| Exercise |
Every line below between the line holding "Wishbone, suspension BS-2058L Japanparts" and the line holding "백순(미국노동성 선임경제학자 / 글로발소사이어티 자문)", inclusive, should be repeated exactly, and all other lines omitted.

| Task input |
§ §

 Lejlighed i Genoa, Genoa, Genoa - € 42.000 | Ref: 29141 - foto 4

§ §

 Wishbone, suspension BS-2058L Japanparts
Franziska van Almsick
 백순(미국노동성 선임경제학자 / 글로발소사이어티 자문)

§ §

| Output of the exercise |
 Wishbone, suspension BS-2058L Japanparts
Franziska van Almsick
 백순(미국노동성 선임경제학자 / 글로발소사이어티 자문)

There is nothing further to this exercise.